■ **Problem details**: Omit all pictures. Print the remaining lines exactly, from the start of the data through the line containing "American Football Ball".

■ **Source data**:
Segment Open
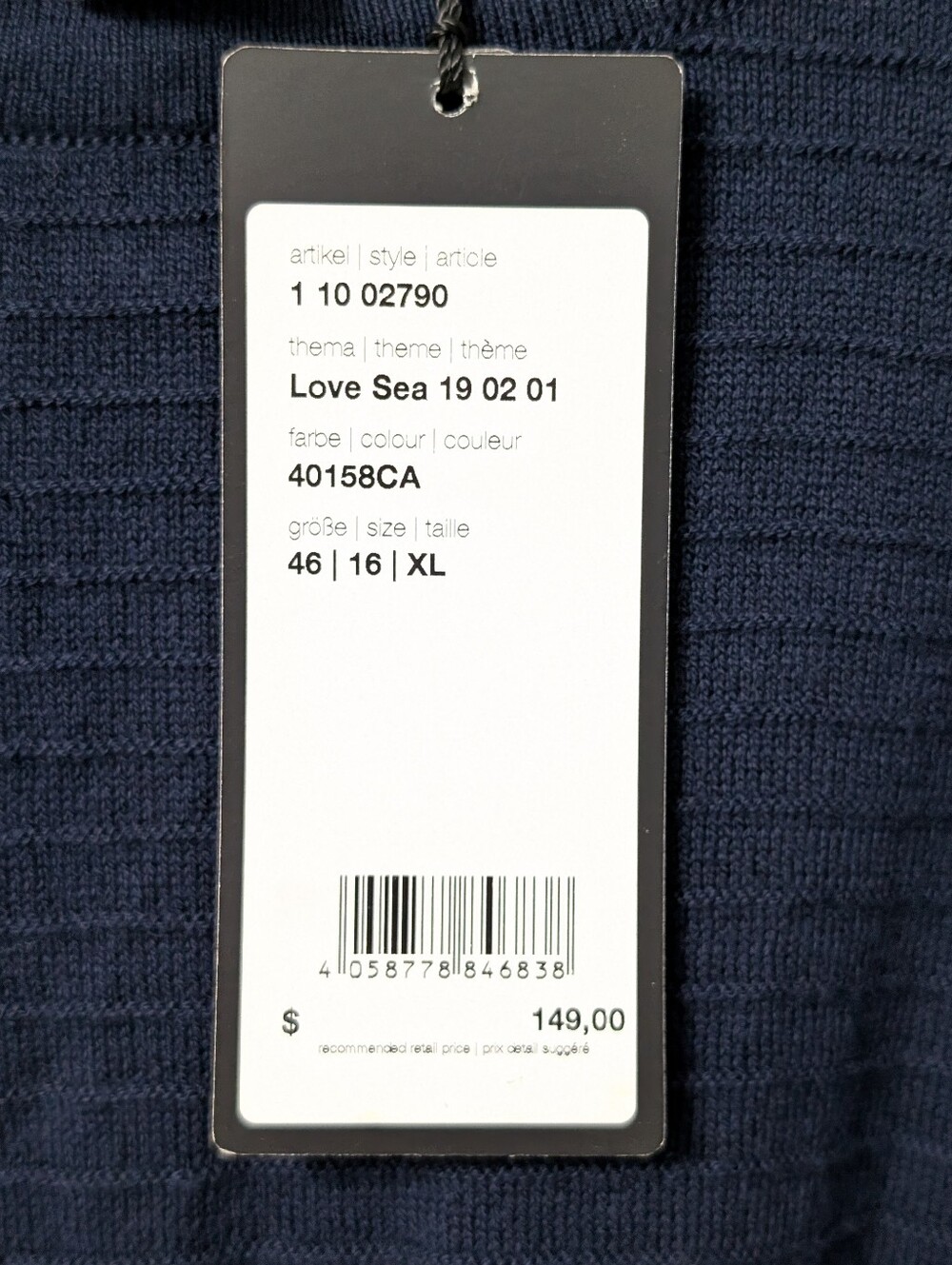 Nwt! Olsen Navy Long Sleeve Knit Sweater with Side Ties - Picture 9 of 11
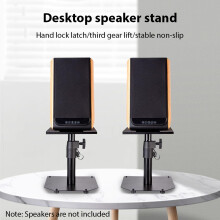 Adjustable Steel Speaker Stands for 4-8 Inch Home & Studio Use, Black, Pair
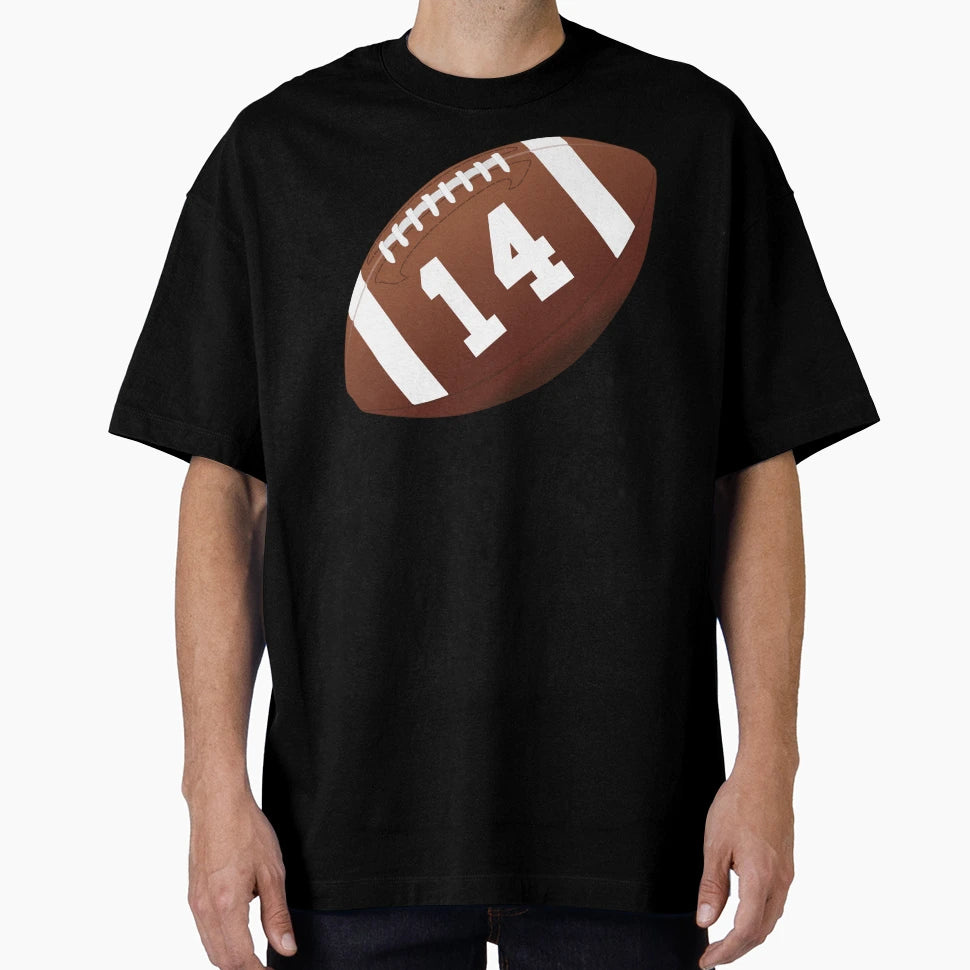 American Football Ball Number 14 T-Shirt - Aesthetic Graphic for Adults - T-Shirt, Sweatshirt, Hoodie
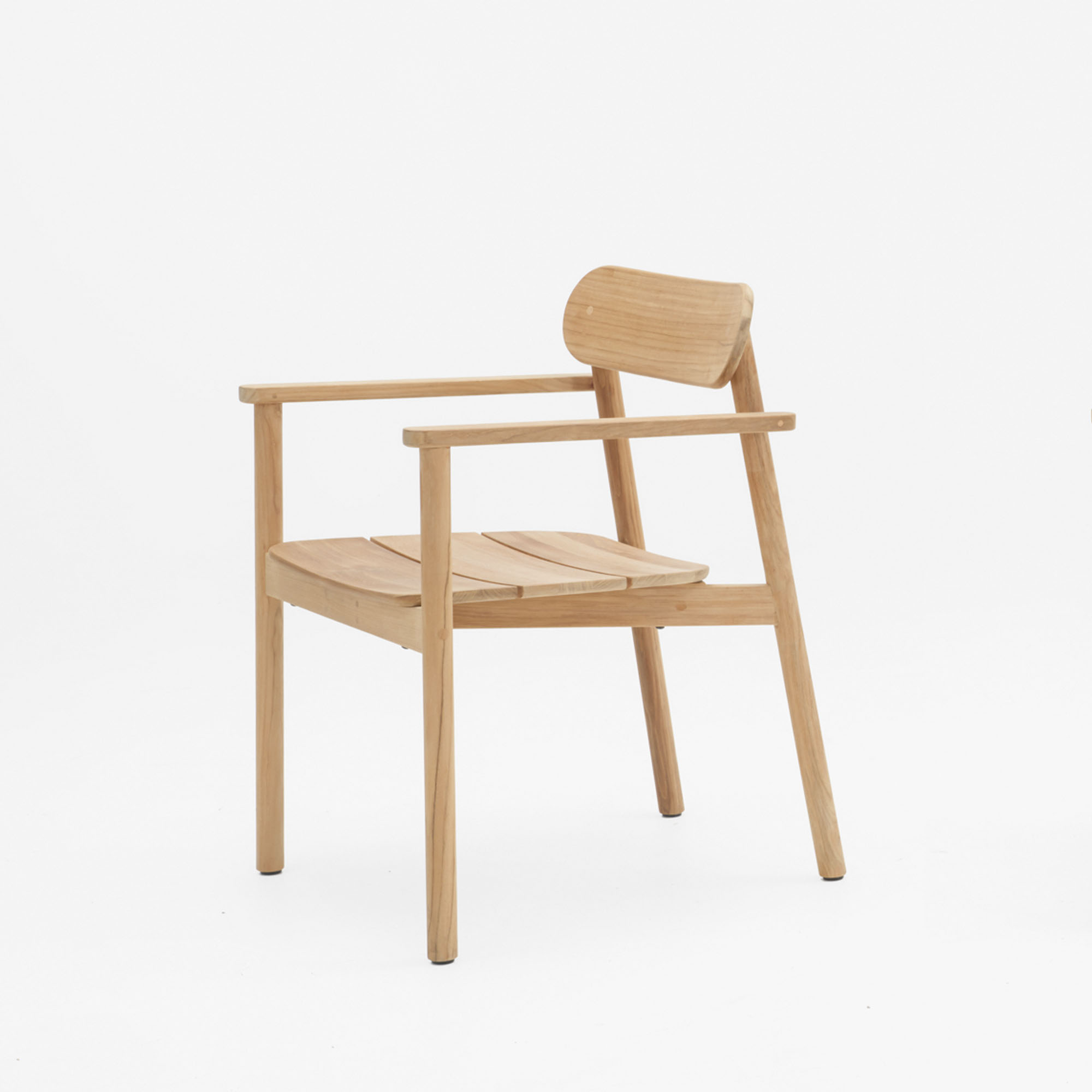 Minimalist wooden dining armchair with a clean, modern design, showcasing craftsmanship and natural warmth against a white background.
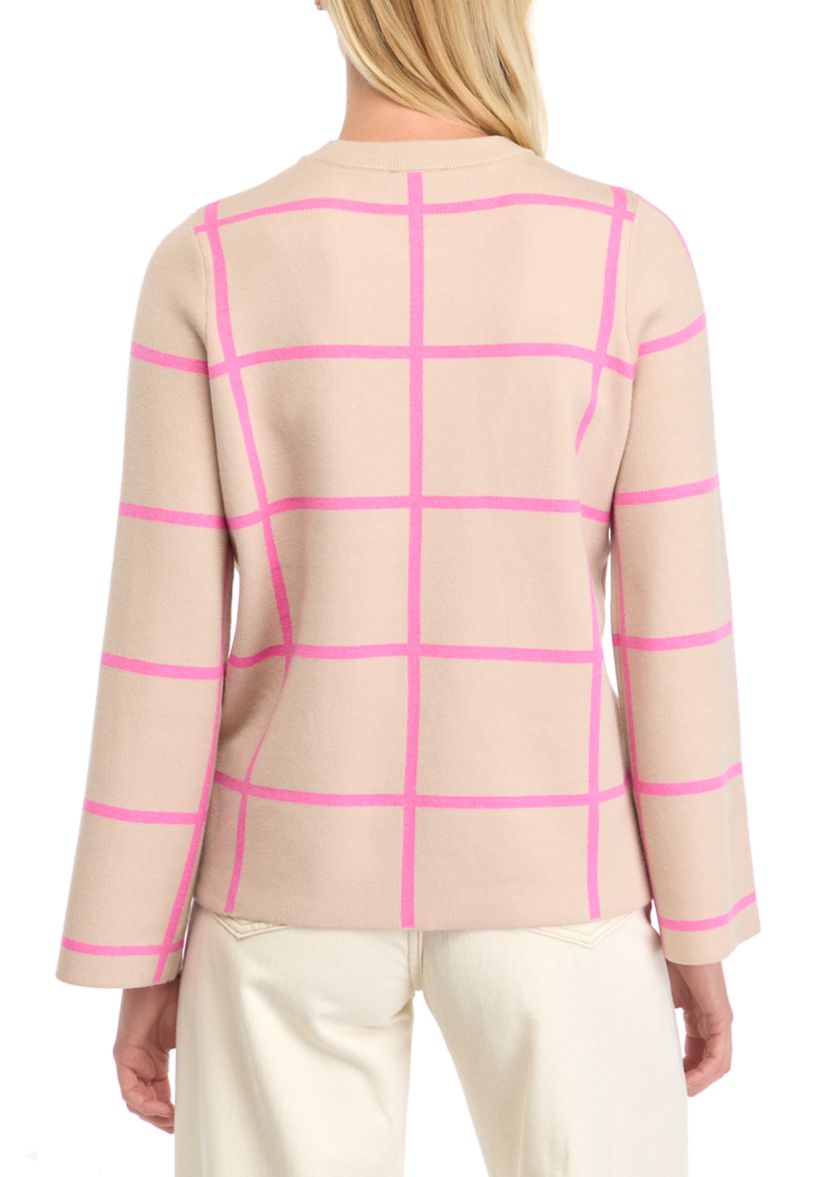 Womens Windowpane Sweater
Segment Closed
■ **Output of the exercise**:
 Nwt! Olsen Navy Long Sleeve Knit Sweater with Side Ties - Picture 9 of 11
 Adjustable Steel Speaker Stands for 4-8 Inch Home & Studio Use, Black, Pair
 American Football Ball Number 14 T-Shirt - Aesthetic Graphic for Adults - T-Shirt, Sweatshirt, Hoodie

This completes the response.